Documentation, documentation, documentation

Writing reports accounts for quite a lot of my working time. There are condition reports, treatment recommendations, loan reports, treatment reports. I’m never far from my notebook when I’m working.

 

These reports aren’t just box-ticking (although sometimes box-ticking is exactly what’s involved) but are important records of the works at a particular time. Sometimes it’s obvious what purpose a report will serve. When a work goes out on loan for an exhibition, whether that’s between galleries or to a gallery from a private collection, we need to make a note of its condition before it travels and see how it looks when it gets there.

Other reports I write are often for the interest or information of some unknown person at an unspecified time in the future. Sometimes it can feel a bit futile, as if nobody will be interested, but actually I’m always grateful to see a previous report for a painting I’m looking at. It’s reassuring when you find that nothing much has changed, or it can narrow down a time period during which a change has occurred; it can save you time if the previous conservator has recorded something that will influence your treatment proposal.

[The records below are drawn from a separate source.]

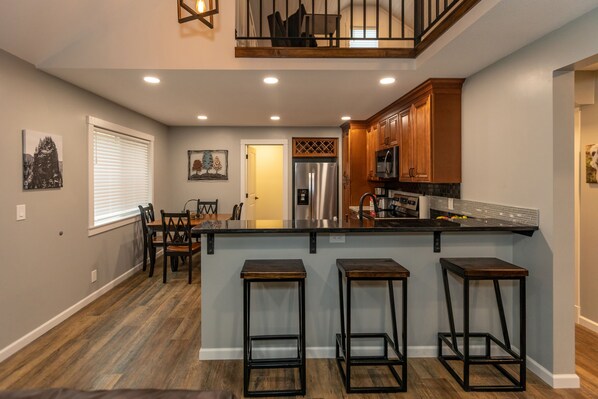 Una cocina moderna con una isla central, taburetes de madera y un comedor con mesa y sillas.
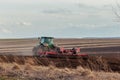 Agriculture,tractor preparing land with seedbed cultivator as part of pre seeding activities in early spring season of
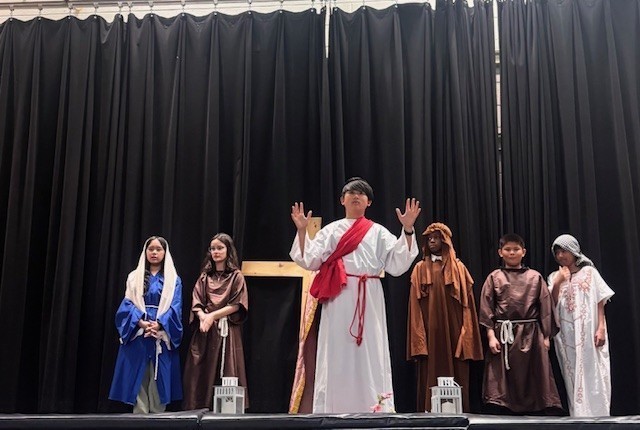 Photo of Blessed Trinity students performing the Stations of the Cross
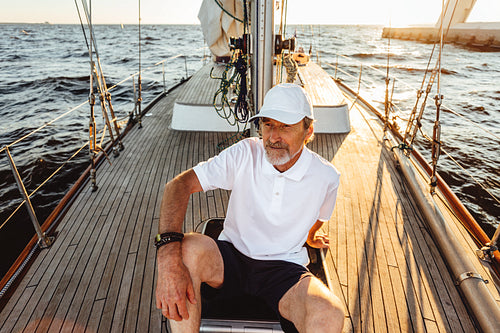 Senior man sitting on a deck of his yacht and enjoying sunset. Mature captain relaxing on sailboat.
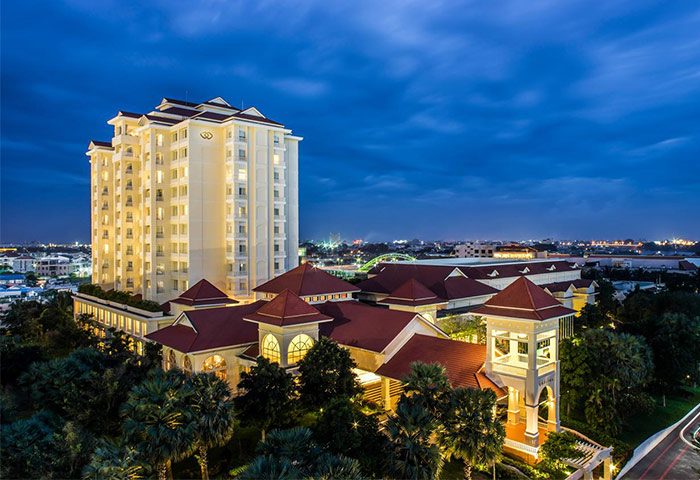 Sofitel Phnom Penh Phokeethra Hotel view at dusk. Gay-friendly hotel, luxury accommodation for gay travelers in Phnom Penh, Cambodia.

Something I hadn’t previously considered is that there is the possibility that something I record could be more significant than I understand at the time. Recently in the news there was a story of a painting being identified as Nazi loot thanks to the detailed condition report of a museum employee during the occupation of France who recorded the presence of a small hole in the canvas. This, along with the present day conservators who have looked carefully and recorded what they’ve found and compared it to these old reports, should lead to the painting being reunited with the family that it was stolen from. Whilst I expect that most of the reports I write will be merely of interest in the future, the potential for my observations to be of greater significance will keep me motivated as I sit down to write the next batch.